I have only recently discovered the magic of the Marks & Spencer salad bar, which features in selected stores, but my God! I can’t believe that I have managed veganism so far without having tasted its version of tabbouleh – Israeli wheat with plenty of soft, roasted peppers, mint, raisins and tomatoes. It is £1.20 for 100g and, trust me, 100g of tabbouleh is filling. I also love its grilled aubergines, which are the same price. This makes a full meal with a bread roll under £4.

M&S also does ready-made tubs. These are a bit more expensive than ordering from the salad bar, but, as a chef and a lifelong lover of vegetables, I can tell M&S has done its homework.

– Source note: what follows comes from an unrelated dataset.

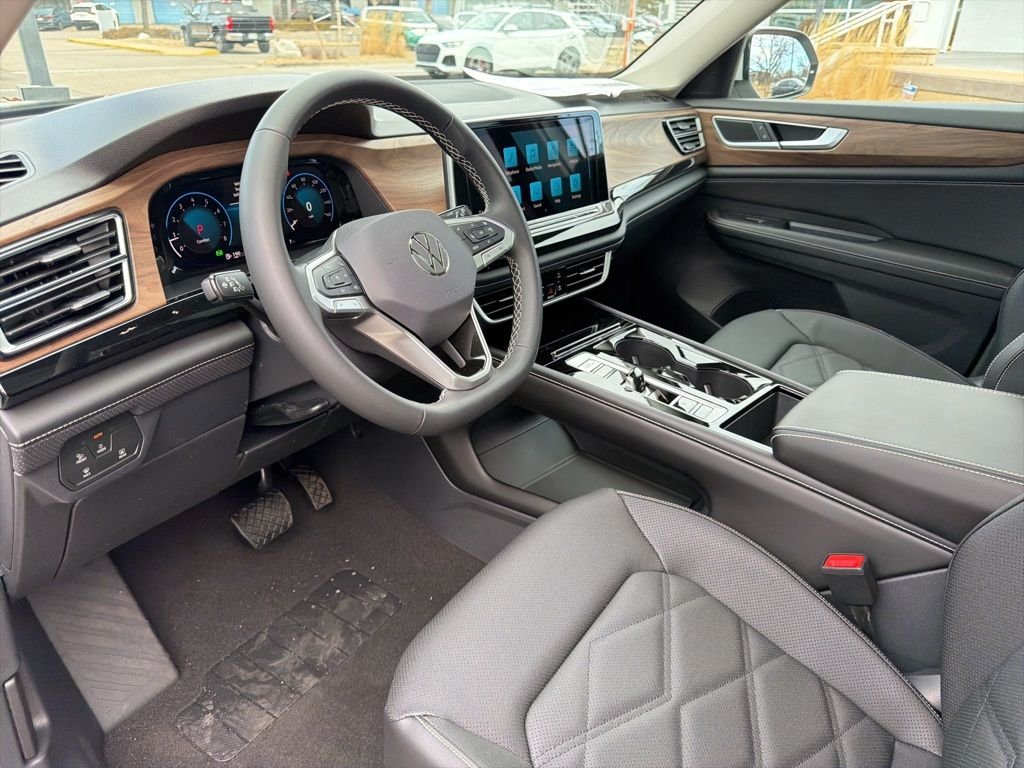 New 2026 Opal White Pearl Volkswagen SE w/Technology image 9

It has come up with some truly creative salads: the cauliflower, broccoli, black bean and pea shoot one is good enough that I would be proud to serve it as a starter in my restaurant. It also has a wide range of pasta dishes, but these can be a bit rich.

As a fairly recent adopter of veganism, I was worried that my yoghurt craving would pose a problem, but this has not been the case. One option is Alprostrawberry and banana pots – these are delicious and don’t have the overwhelming soya flavour of some brands. Their red fruits pots are also worth trying – they taste better than regular yoghurt.

When it comes to basic stuff, Sainsbury’s has the best guacamole and hummus. That said, they have not yet developed their vegan offering; you have to look deep and scrutinise the ingredient list.

Leon does a fantastic Brazilian black bean salad. Its Mediterranean mezzo is also great and not lazy with its use of flavour. Another place to try is Benugo, which has embraced the vegan market really well. I’m a big fan of its vitality bowl – a super blend of vegetables with a great dressing that brings it all to life.